Why Let's Encrypt's short certificate lifetimes are a great thing

March 14, 2018

I recently had a conversation on Twitter about what we care about in TLS certificate sources, and it got me to realize something. I've written before about how our attraction to Let's Encrypt has become all about the great automation, but what I hadn't really thought about back then was how important the short certificate lifetimes are. What got me to really thinking about it was a hypothetical; suppose we could get completely automatically issued and renewed free certificates but they had the typical one or more year lifetime of most TLS certificates to date. Would we be interested? I realized that we would not be, and that we would probably consider the long certificate lifetime to be a drawback, not a feature.

There is a general saying in modern programming to the effect that if you haven't tested it, it doesn't work. In system administration, we tend towards a modified version of that saying; if you haven't tested it recently, it doesn't work. Given our generally changing system environments, the recently is an important qualification; it's too easy for things to get broken by changes around them, so the longer it's been since you tried something, the less confidence you can have in it. The corollary for infrequent certificate renewal is obvious, because even in automated systems things can happen.

With Let's Encrypt, we don't just have automation; the short certificate lifetime insures that we exercise it frequently. Our client of choice (acmetool) renews certificates when they're 30 days from expiring, so although the official Let's Encrypt lifetime is 90 days, we roll over certificates every sixty days. Having a rollover happen once every two months is great for building and maintaining our confidence in the automation, in a way that wouldn't happen if it was once every six months, once a year, or even less often. If it was that infrequent, we'd probably end up paying attention during certificate rollovers even if we let automation do all of the actual work. With the frequent rollover due to Let's Encrypt's short certificate lifetimes, they've become things we trust enough to ignore.

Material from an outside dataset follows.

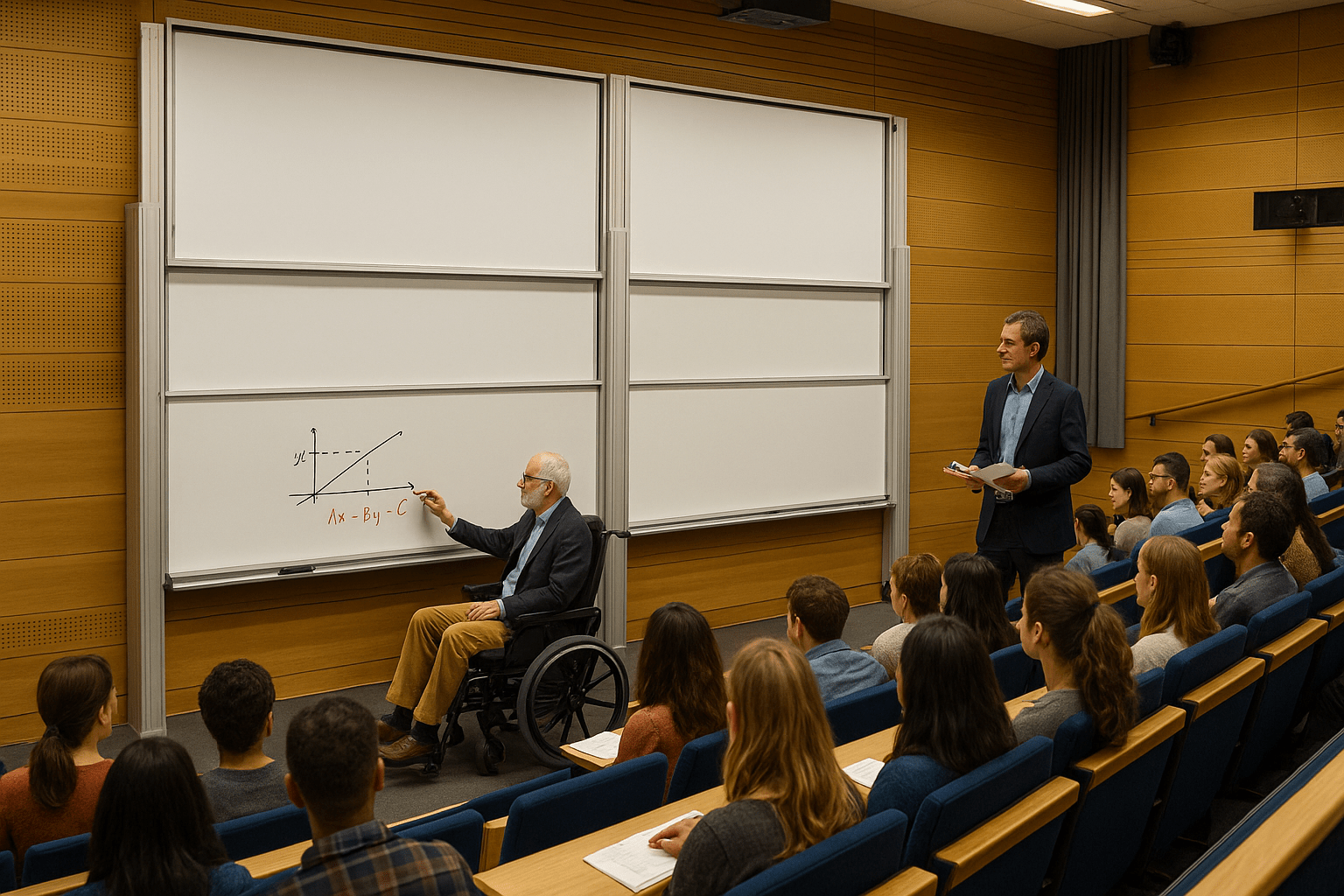 A professor in a wheelchair teaches engaged students, highlighting data on a Presentation Spaces Electric Dry Wipe Column Board.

(Automatic certificate renewal for long duration certificates is not completely impossible here, because the university central IT has already arranged for free certificates for the university. Right now they're managed through a website and our university-wide authentication system, but in theory there could be automation for at least renewals. Our one remaining non Let's Encrypt certificate was issued through this service as a two year certificate.)

Comments on this page:

From at 2018-03-14 03:02:12:

Right now they're managed through a website and our university-wide authentication system

Is it perhaps the DigiCert service? We've been using that for our university (especially for the free EV). They do have a "CertCentral API" which could be used for automation just as ACME is, although I still haven't gotten around to finishing writing the client tools cough

By cks at 2018-03-14 08:28:28:

The university's current version is provided through Comodo. I haven't dug into the details of what would be possible, because by the time it became readily available to us we'd already started shifting towards Let's Encrypt.

(We've gone through a number of CAs over the years, partly because stuff has happened to some of them.)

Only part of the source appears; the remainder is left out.